The conferral of group rights, which would be the effect of the amendments standing in the names of my noble friend Lord Colville and the noble Lord, Lord Avebury, is another North American innovation, although Canadian in this instance rather than American. As I understand it, in Canada, groups are deemed to have the same rights as individuals, if not greater rights; but at least my noble friend Lord Colville and the noble Lord, Lord Avebury, are being consistent in trying to protect all identifiable groups, unlike the Government who are being extremely selective.

It seems that the noble Lords' amendments are designed to protect not only those with unusual sexual habits and the disabled, but also all other visible minorities. For example, fox-hunters, motorcyclists, joggers, non-disabled elderly, bald men, grammar school pupils and rough sleepers, to name but a few, sometimes attract hostility, as well as those often attacked in pubs and barrack rooms by virtue of speaking with the wrong accent in the wrong place. Those who speak with Scottish or Welsh accents are already protected; not so those who speak with Geordie or West Country accents in the south-east of England.
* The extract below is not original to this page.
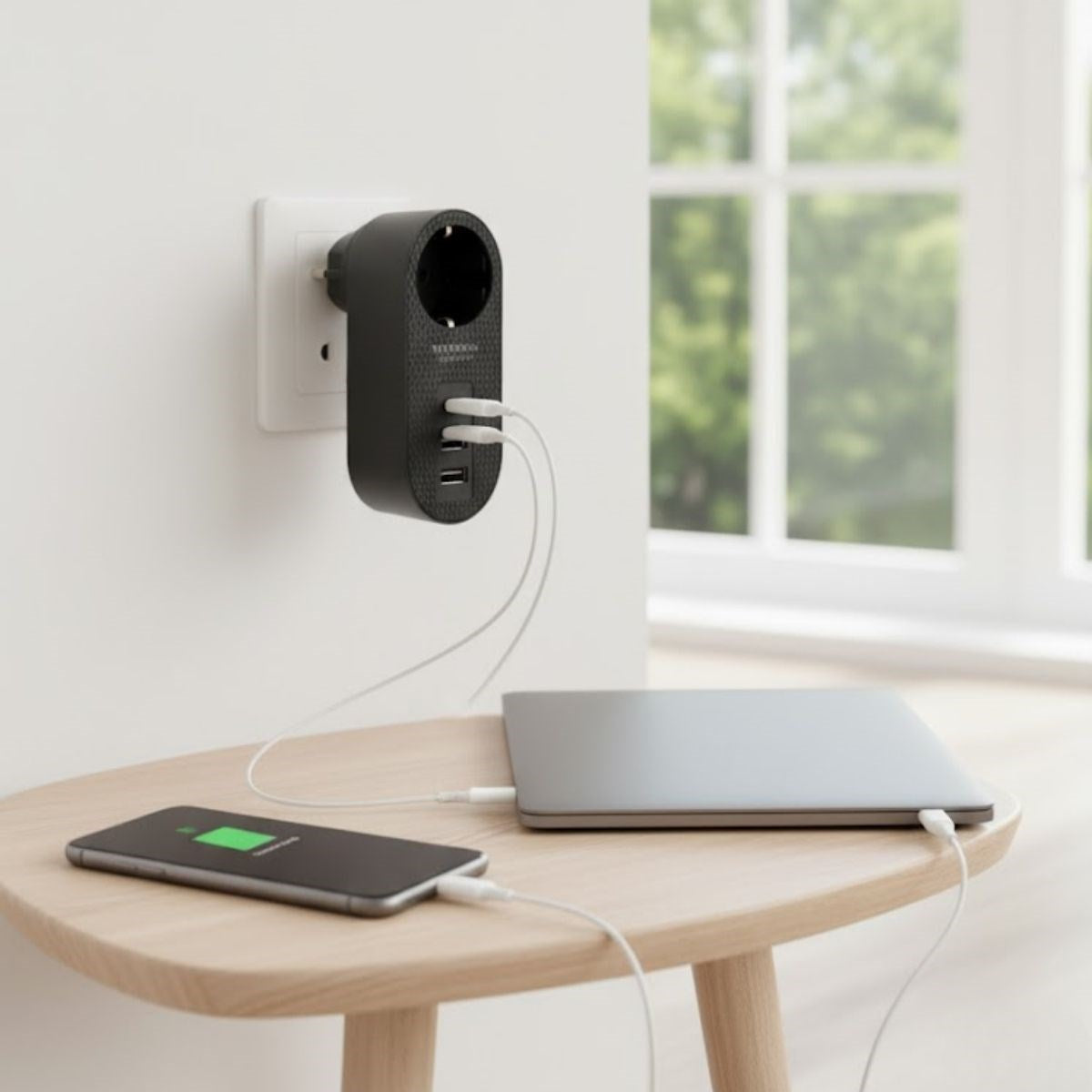 BUFFER® 2 USB,1 TYPE-C Giriþli 1'li Çocuk Korumalý,Isýya Karþý Dayanýklý 2500Watt Termal Akým Korumalý Priz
In contrast, government Amendment No. 201A is capriciously selective, as is Amendment No. 201B, and would result in even greater anomalies. If a cyclist pedalling furiously along a road or a pavement ran into a pedestrian—as happens all too often nowadays—and shouted, "You fool; are you deaf or something?", he would be caught whether or not the pedestrian was deaf. But if he shouted, "You silly old git" or "You silly old cow", he would be quite safe.
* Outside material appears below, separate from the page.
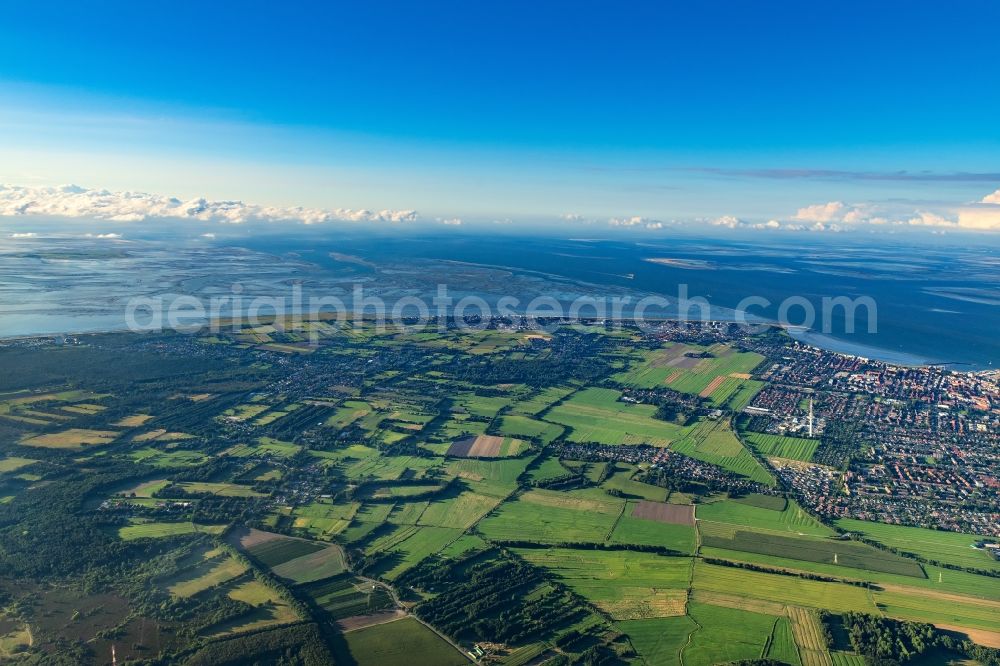 Aerial photograph Cuxhaven - City area with outside districts and inner city area in Cuxhaven in the state Lower Saxony, Germany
All the amendments are designed to provide extra protection for some. In law, we are all entitled to protection from the state, but these provide extra protection for those with minority sexual orientations, including paedophiles. Clearly, paedophilia is sexual orientation; there is no doubt about that. Above average protection would also be given to those people with some of the more bizarre orientations discussed in this Chamber just a few months ago in the course of the Sexual Offences Bill. I make no comment. I merely draw that point to your Lordships' attention.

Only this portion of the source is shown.